> _Description of the task_: Set down each entry exactly; omit images.

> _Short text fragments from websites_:

----------

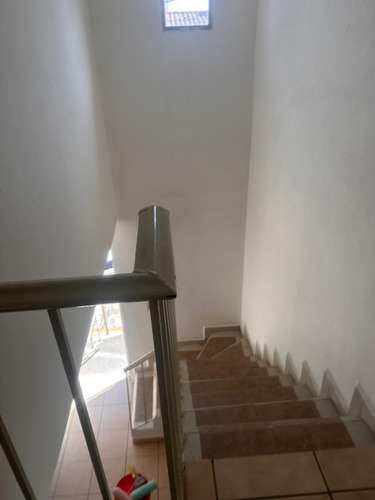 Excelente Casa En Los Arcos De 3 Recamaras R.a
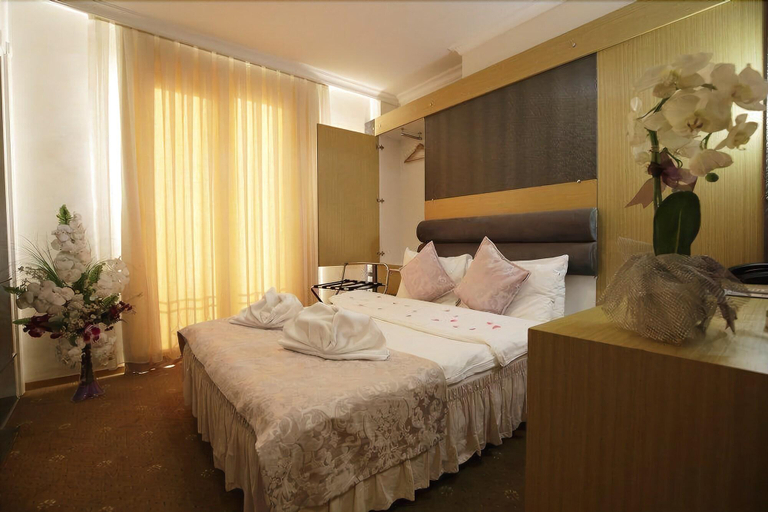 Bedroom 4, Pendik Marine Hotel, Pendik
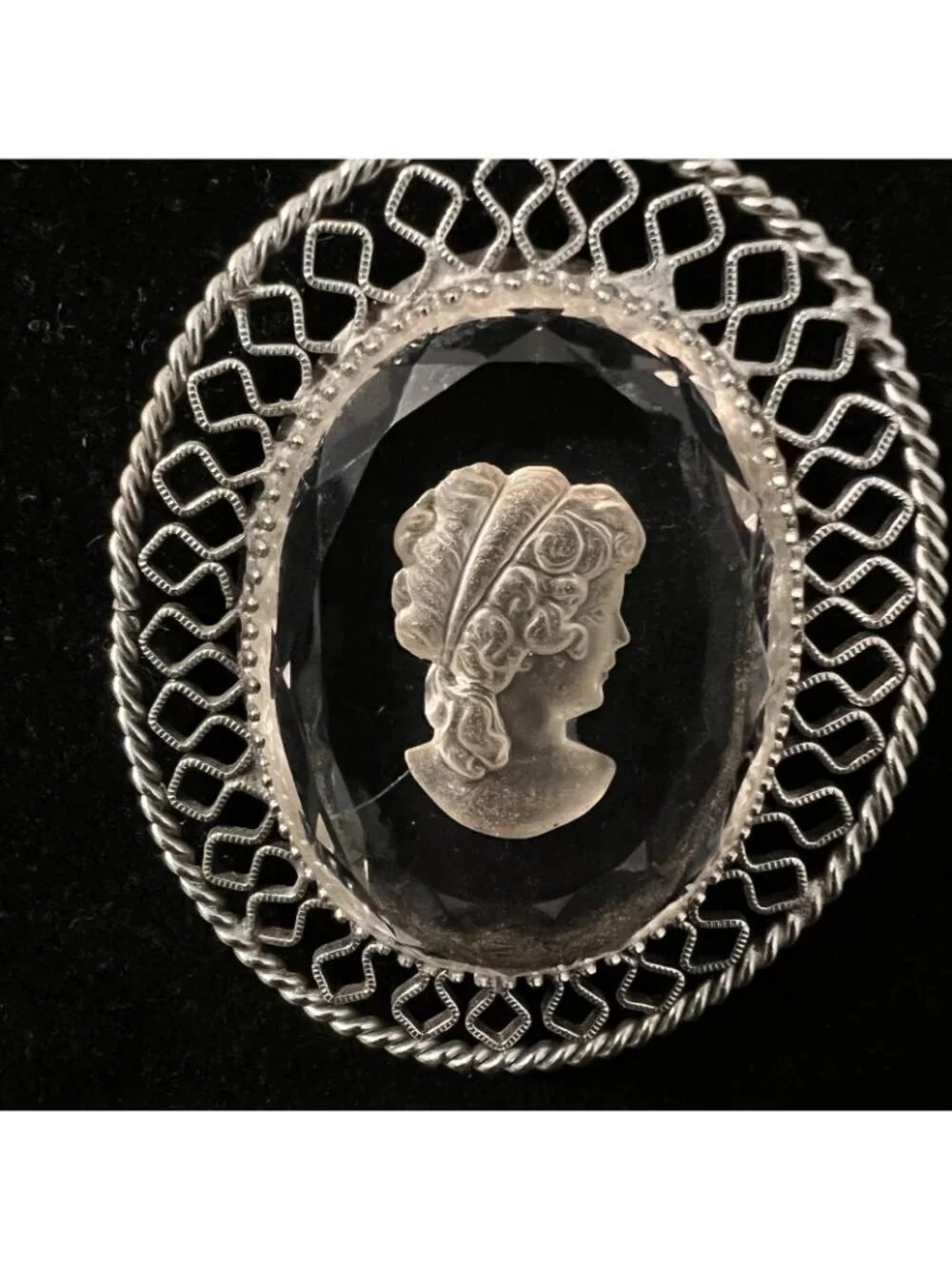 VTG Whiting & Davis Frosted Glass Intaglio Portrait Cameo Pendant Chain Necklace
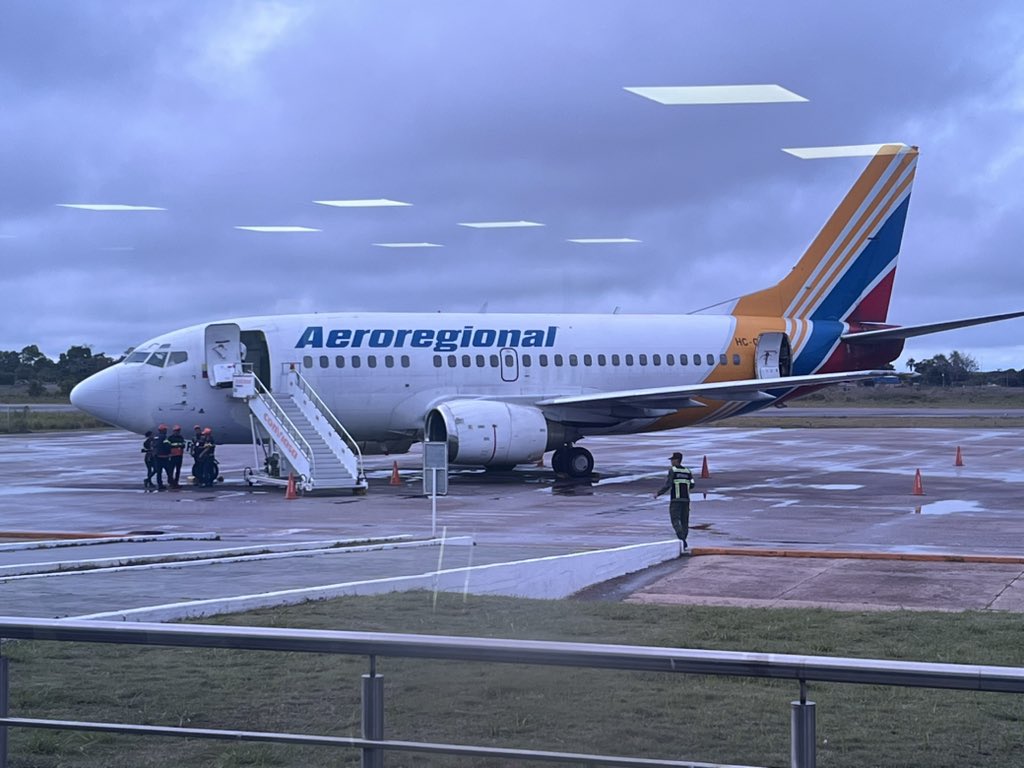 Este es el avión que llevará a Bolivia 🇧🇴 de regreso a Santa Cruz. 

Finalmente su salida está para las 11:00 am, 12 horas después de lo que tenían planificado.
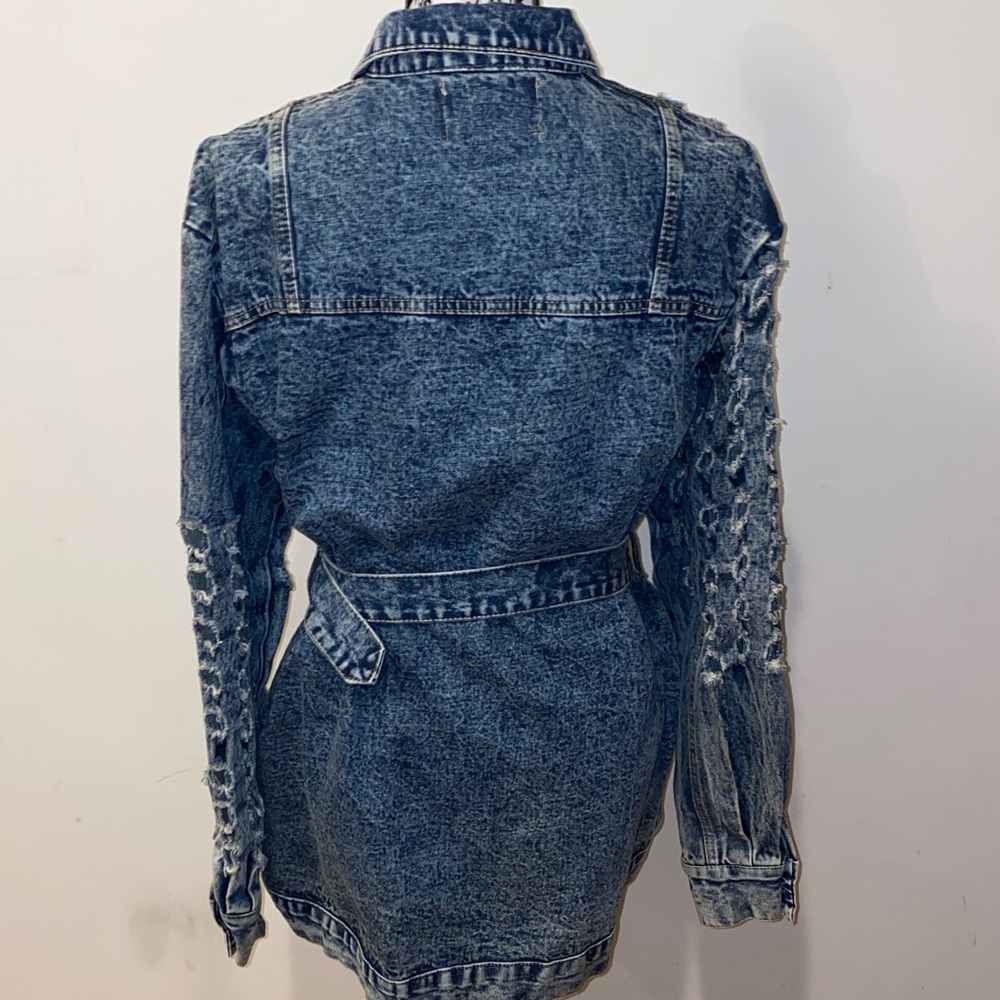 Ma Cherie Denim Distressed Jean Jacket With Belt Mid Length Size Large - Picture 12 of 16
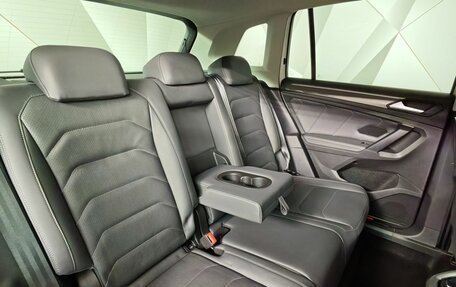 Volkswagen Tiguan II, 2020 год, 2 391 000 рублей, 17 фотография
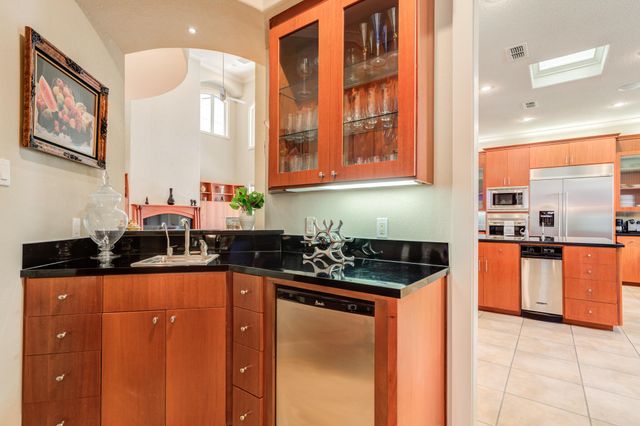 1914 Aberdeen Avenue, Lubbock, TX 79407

----------

> _Exercise response_:
 Excelente Casa En Los Arcos De 3 Recamaras R.a
 Bedroom 4, Pendik Marine Hotel, Pendik
 VTG Whiting & Davis Frosted Glass Intaglio Portrait Cameo Pendant Chain Necklace
 Este es el avión que llevará a Bolivia 🇧🇴 de regreso a Santa Cruz. 

Finalmente su salida está para las 11:00 am, 12 horas después de lo que tenían planificado.
 Ma Cherie Denim Distressed Jean Jacket With Belt Mid Length Size Large - Picture 12 of 16
 Volkswagen Tiguan II, 2020 год, 2 391 000 рублей, 17 фотография
 1914 Aberdeen Avenue, Lubbock, TX 79407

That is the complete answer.